Tra i “Detti dei padri del deserto” si trova questa storiella esplicativa:

«Un vescovo d’una certa città cadde nella fornicazione per opera del demonio. Un giorno in cui si riuniva in chiesa e nessuno era a conoscenza del suo peccato, egli lo confessò davanti a tutto il popolo e disse: “Ho peccato”. Poi depose il suo pallio sull’altare e disse: “Non posso più essere il vostro vescovo”. Tutti piansero e gridarono: “Che questo peccato ricada su di noi, ma conserva l’episcopato”. Egli rispose: “Voi volete che conservi l’episcopato, fate dunque ciò che vi dico”. Fece chiudere le porte della chiesa, poi si distese faccia a terra davanti a una porta laterale e disse: “Colui che passerà senza calpestarmi con i piedi non parteciperà a Dio”. Fecero come lui chiedeva, e quando l’ultimo fu uscito, una voce venne dal cielo e disse: “Per la sua grande umiltà, gli ho rimesso il suo peccato”».

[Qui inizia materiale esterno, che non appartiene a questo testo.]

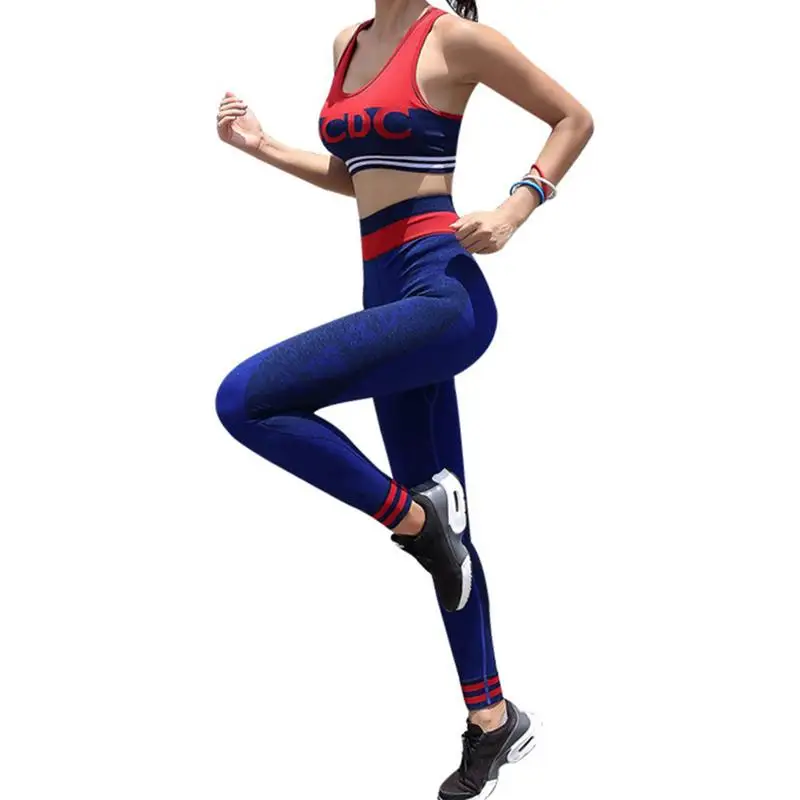 Для женщин костюм облегающие Seamless Sportswear быстросохнущие хип тренировочные брюки тренажерный зал жаккардовые из двух частей стрейч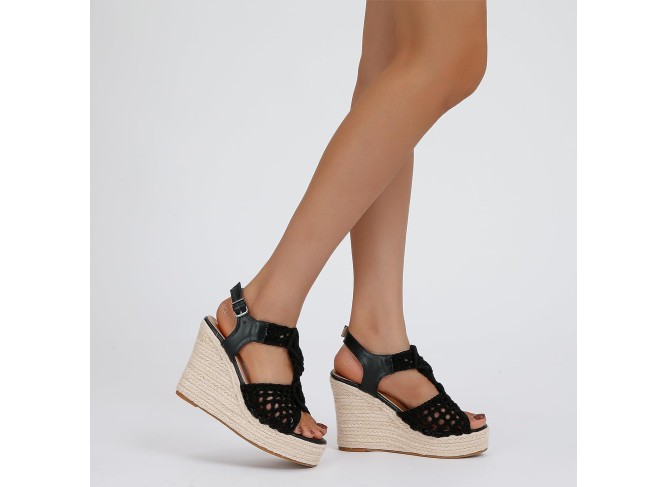 Crochet Espadrilles Wedge Sandals for Women Dressy Summer Comfortable Casual Platform Sandals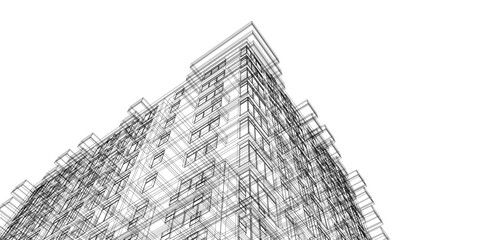 Architectural drawing on white background vector illustration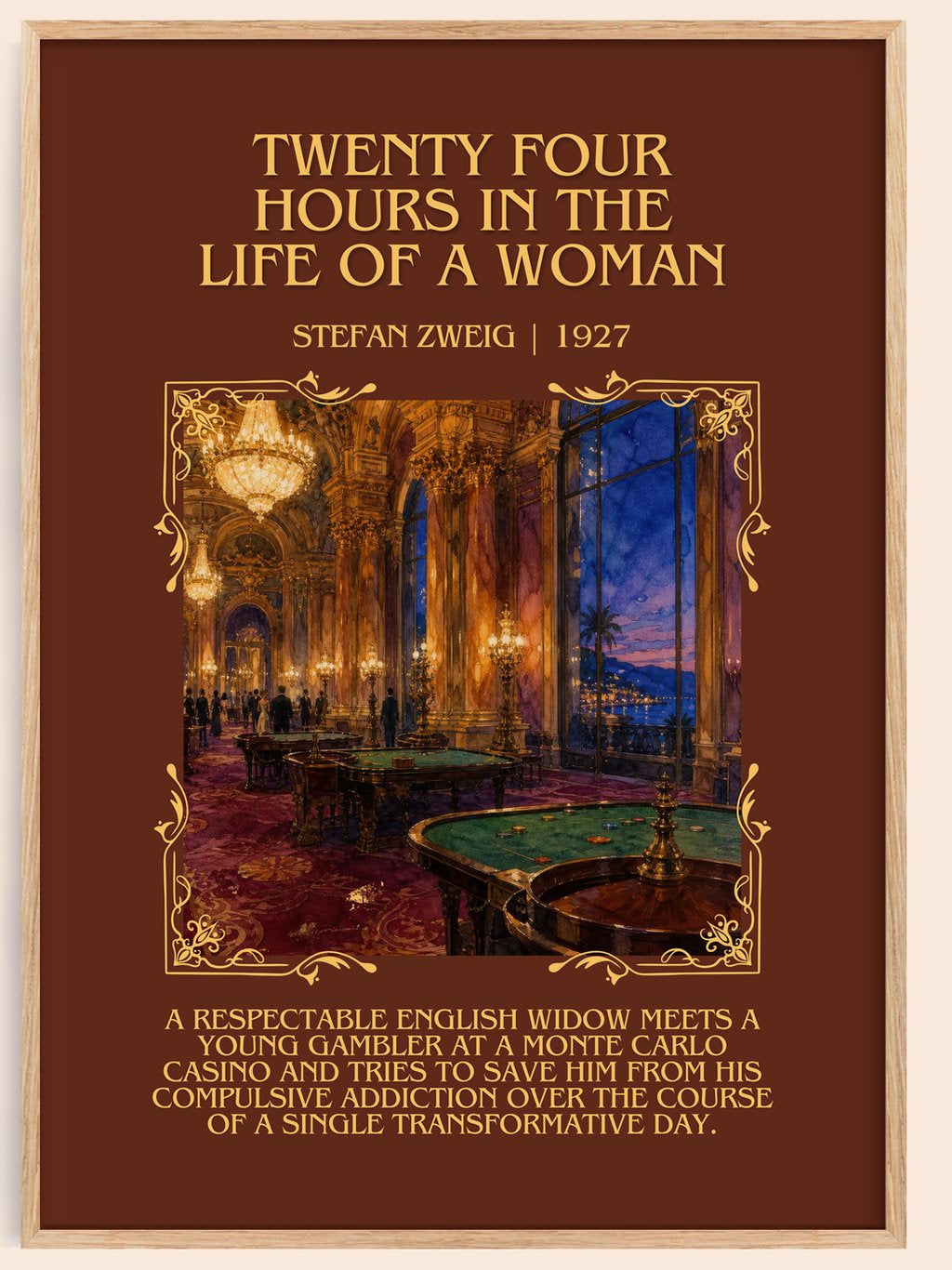 Twenty Four Hours In The Life Of A Woman Minimalist Book Poster by Stefan Zweig – book poster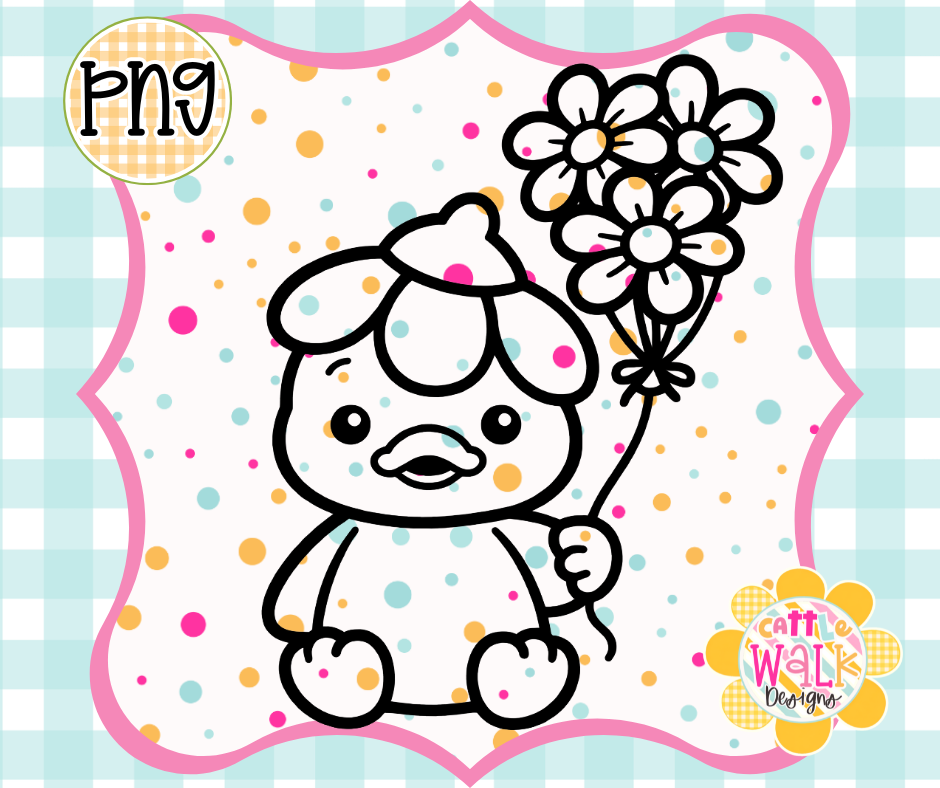 Flower Duck PNG | Cute Spring Duckling Design | Bold Outline Freshie Digital Download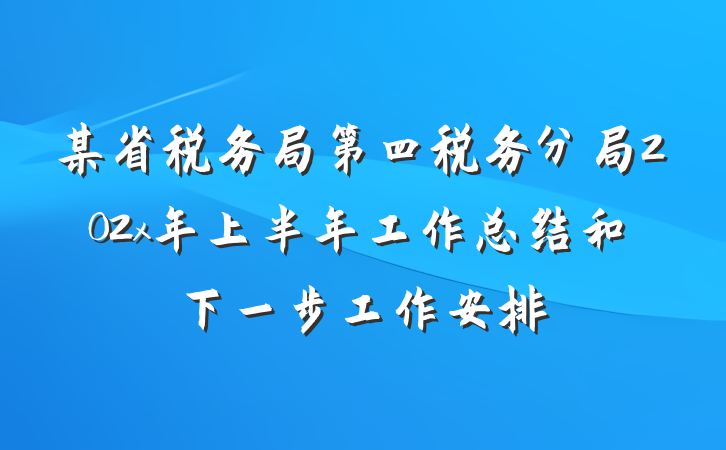 某省税务局第四税务分局202x年上半年工作总结和下一步工作安排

È un aneddoto che risente di una comprensione di “gerarchia celeste” (la “voce dal cielo”) ma che a noi insegna una verità costante della tradizione: ogni ministero è in funzione del riconoscimento altrui. Se a questo si aggiunge poi che ogni vescovo diocesano non è un semplice rappresentante del papa ma è egli stesso la diretta rappresentazione del “Cristo capo” per la propria comunità, ne consegue che anche tra i Vescovi e il Vescovo di Roma, benché ci sia gerarchia, essa non può che essere “gerarchia comunionale” in base alla dinamica propria del Collegium Apostolicum. E in questo orizzonte vanno comprese ministeri, nomine, e titoli mentre non trova spazio la “titolazione” che rimandi ad una “dignità” personale.

I “titoli ecclesiali” servono nella misura in cui rivelano una funzione reale a favore di una “porzione di popolo”; i “titoli araldici e dignitari” appaiono ombra di una realtà che non ci appartiene più, per costituzione ecclesiale.

 



[1] A dare il via al dibattito è stato Andrea Grillo con un post del 10 gennaio nel quale, con la dovuta parresìa, invita a riflettere sul sacramento anziché sui titoli. Lo stesso autore ha approfondito il tema col post del 12 gennaio in cui richiama due concezioni dell’episcopato accompagnato nella lettura dalle riflessioni di Ghislain Lafont. Continua la riflessione, sullo stesso blog, le parole di Cosimo Scordato che aiuta a riflettere su episcopato e chiesa locale.

[2] Cf. Segreteria di Stato, Istruzione: Ut sive sollicite circa le vesti, i titoli e le insegne di Cardinali, Vescovi e Prelati minori, 31 marzo 1969 [omissis].

[3] Cf. J. Orlandis, Le Istituzioni della Chiesa cattolica. storia, diritto, attualità, Cinisello Balsamo 2005.

[4] Sul tema si veda ad esempio: S. Dianich – S. Noceti, Trattato sulla Chiesa, ed. 2, Brescia 2005.